Cómo hacerlo si tienes muchas páginas sin perder demasiado tiempo?

En este hilo, te explico todo.
Voy a suponer en este hilo que quiero reactivar mi propio blog.

Un caso bastante improbable pero así tenemos un ejemplo simple con el cuál puedes jugar también. Image
Etapa 1: Consultar la API de archive.org

Usando la API de https://t.co/ORlt4dS4F8, podemos obtener una lista única de URL para un dominio.

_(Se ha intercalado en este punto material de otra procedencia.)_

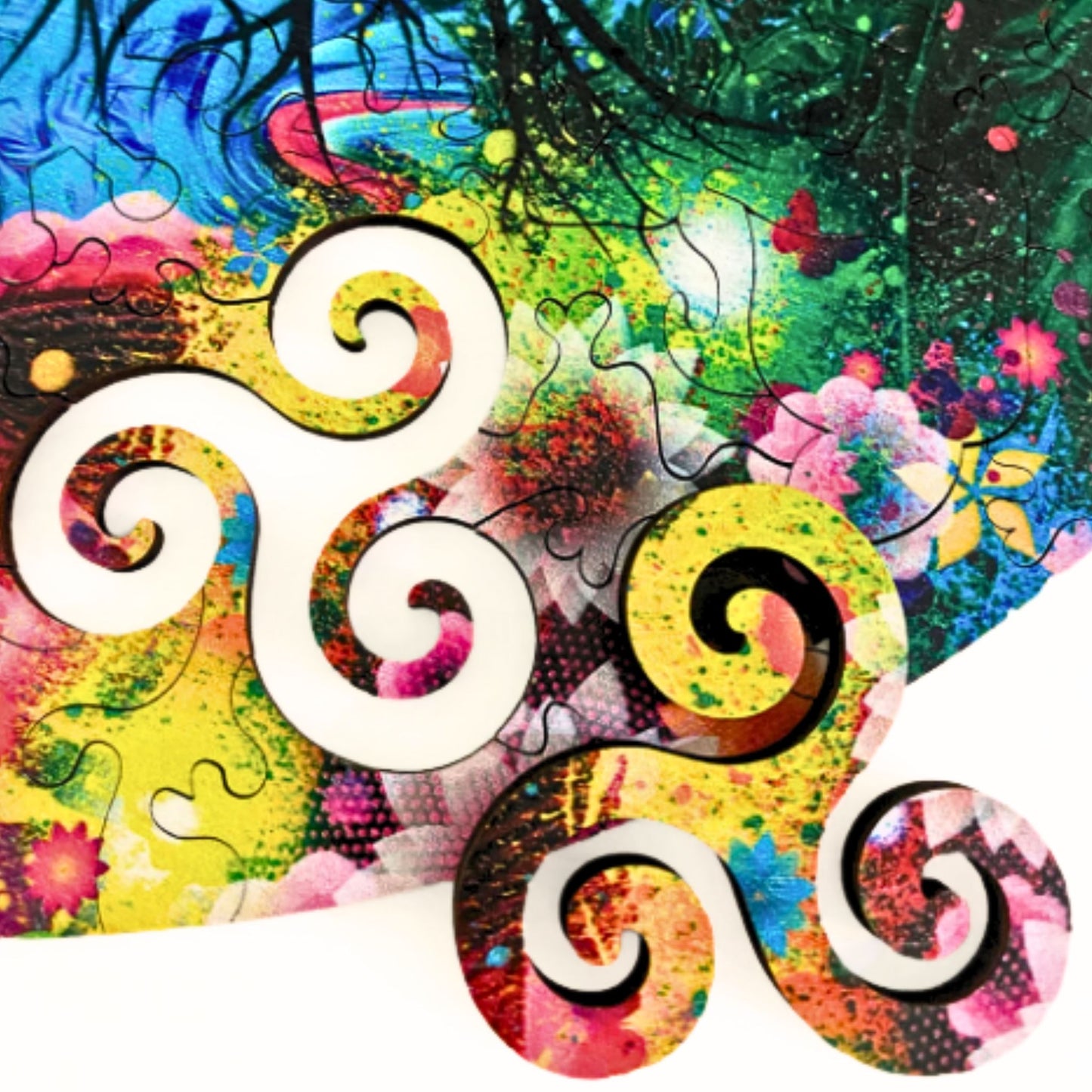 189 pieces - Tree of Life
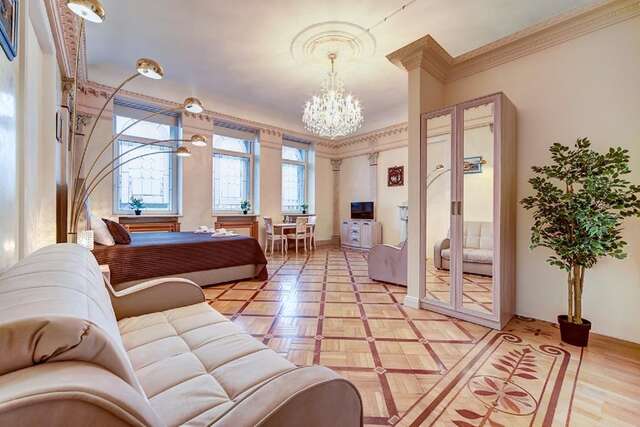 Гостиница Амадей Санкт-Петербург-31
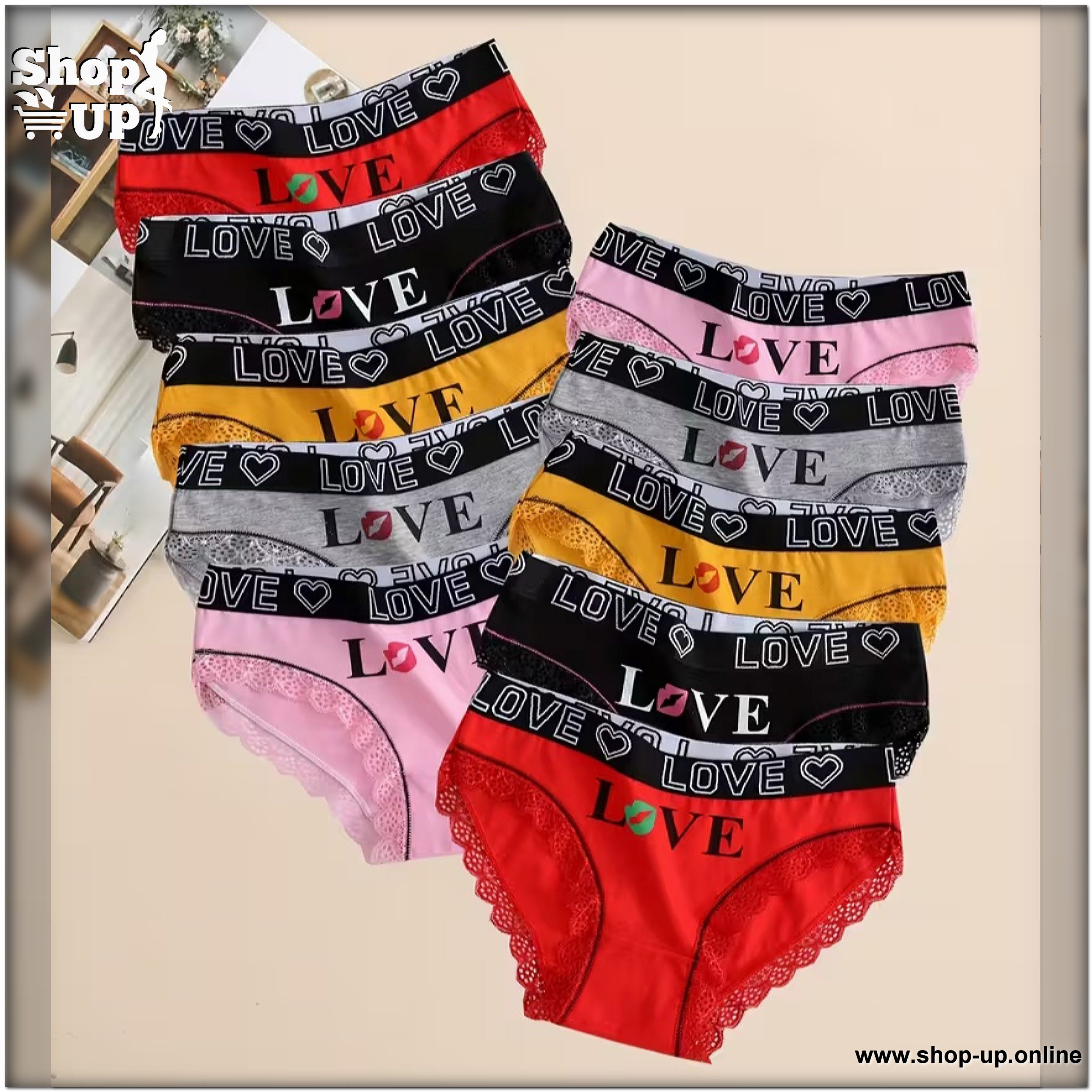 بانتى قطن فى دانتيل افضل سعر أندرات في مصر - شوب اب اون لاين 2026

En mi ejemplo, sería web.archive.org/cdx/search/cdx… Image
Si te fijas, incluye por defecto contenido HTML pero también CSS, JS etc...

Aquí, queremos únicamente las páginas HTML, así que toca filtrar un poco. Image
Esta lista incluye la URL para las cuáles archive.org tiene contenido.

Usando otra API, podemos obtener el enlace directa del snapshot de https://t.co/ORlt4dS4F8.

Por ejemplo: archive.org/wayback/availa… Image
Al final de esta etapa, debes tener una tabla con las URLs originales y la URL del snapshot de archive.org

Yo lo hago con Python y requests (pypi.org/project/reques…), pero lo puedes hacer como quieras, lo que importa es el resultado. Image
Etapa 2: Identificar el contenido por extraer

Usando unos contenidos de ejemplo, debes identificar el contenido que quieres extraer.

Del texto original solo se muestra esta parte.